GIVEN DATA.
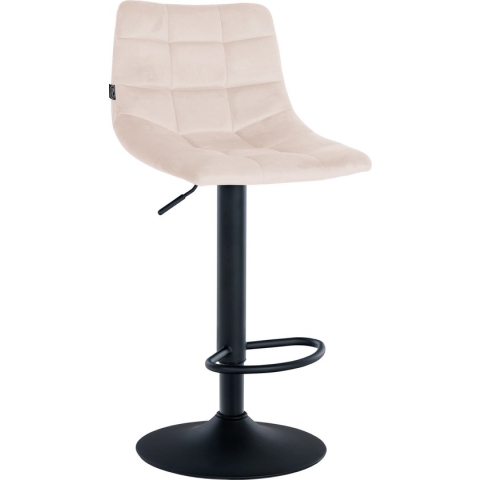 CLP Jerry Barkruk - Zonder armleuning - Met rugleuning - Verstelbaar - Fluweel - Velvet - beige zwart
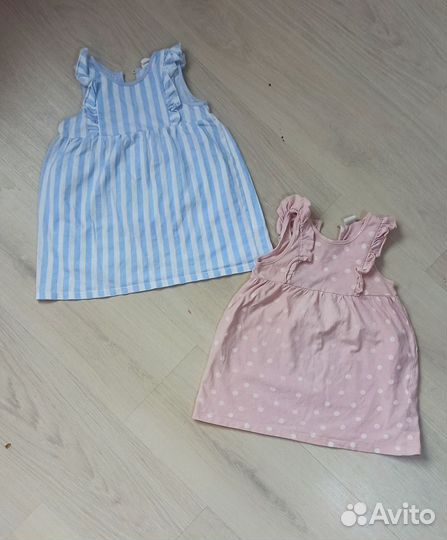 Детские вещи пакетом на девочку 86
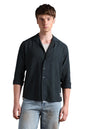 Hubberholme Men Relaxed Fit Resort Collar Fullsleeve Solid Shirts 1 Dark Green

EXERCISE AIM. Could you give back the full listing word for word, leaving out the images?

SOLUTION TO THIS PROBLEM.
 CLP Jerry Barkruk - Zonder armleuning - Met rugleuning - Verstelbaar - Fluweel - Velvet - beige zwart
 Детские вещи пакетом на девочку 86
 Hubberholme Men Relaxed Fit Resort Collar Fullsleeve Solid Shirts 1 Dark Green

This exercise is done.